Earlier this week, the Japanese novelist Haruki Murakami went to the so-called Jersualem International Book Fair in so-called Israel, which is actually nothing more nor less than occupied Palestine, to accept the so-called, get this, Jerusalem Prize for the Freedom of the Individual in Society. This is so sad and awful on so many levels it's hard to know what to be more appalled at. The horror of holding a book fair, posing as a celebration of freedom of the arts, in occupied Jerusalem? The name of the prize, which I would have assumed was a parody coming as it does from one of the least free, most racist, repressive societies on the planet, if I didn't know it was for real? Or the fact that Murakami accepted it, and in person?
In an open letter to Murakami issued just before he went to Jerusalem, the U.S. Campaign for the Academic & Cultural Boycott of Israel appealed to him to "Please turn your attention to the Palestinians, who are being denied their freedom and dignity as human beings." He did not do so, despite also receiving such requests from Palestinian and Japanese groups.

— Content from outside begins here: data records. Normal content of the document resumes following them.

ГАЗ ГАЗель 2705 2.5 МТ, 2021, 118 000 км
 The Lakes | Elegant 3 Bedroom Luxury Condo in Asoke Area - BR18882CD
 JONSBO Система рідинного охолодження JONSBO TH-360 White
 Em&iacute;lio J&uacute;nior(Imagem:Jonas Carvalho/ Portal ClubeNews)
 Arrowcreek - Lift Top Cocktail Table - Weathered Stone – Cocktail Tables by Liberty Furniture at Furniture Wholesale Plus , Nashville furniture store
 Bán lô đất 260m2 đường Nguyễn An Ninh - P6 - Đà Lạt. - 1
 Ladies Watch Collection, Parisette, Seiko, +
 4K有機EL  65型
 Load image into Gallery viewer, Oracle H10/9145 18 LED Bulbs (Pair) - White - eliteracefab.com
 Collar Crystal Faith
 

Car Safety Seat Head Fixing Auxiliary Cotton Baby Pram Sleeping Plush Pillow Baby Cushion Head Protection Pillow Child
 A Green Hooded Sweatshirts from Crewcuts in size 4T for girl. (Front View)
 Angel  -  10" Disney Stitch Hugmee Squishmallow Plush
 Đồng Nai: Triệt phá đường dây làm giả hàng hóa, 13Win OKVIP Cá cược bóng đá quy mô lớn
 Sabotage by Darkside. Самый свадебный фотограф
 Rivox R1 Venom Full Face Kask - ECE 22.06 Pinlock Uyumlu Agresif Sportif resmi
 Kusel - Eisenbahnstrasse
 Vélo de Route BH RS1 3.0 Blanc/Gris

Instead he not only accepted the award, he gave an appalling talk trying to justify himself. Salon, posting it, characterizes it as a "powerful speech." In what universe? By my read, Harukami's ramble is an illucid effort at rationalizing what he's now become, an artist who aligns himself with the oppressor. He can blah blah blah all he likes about 'we writers are rebels and if someone tells us not to do something we must do it,' but this is meaningless posing, posturing, and it just doesn't fly. He can talk about eggs and walls and claim to side with those who'd tear down walls, but saying it as he did from within the embrace of the wall erectors, it just won't wash. He's taken a side, and it's the wrong side. He's given legitimacy to the occupiers. He can't nimble-tongue it away.
I haven't liked any of his books since The Wind-Up Bird Chronicle.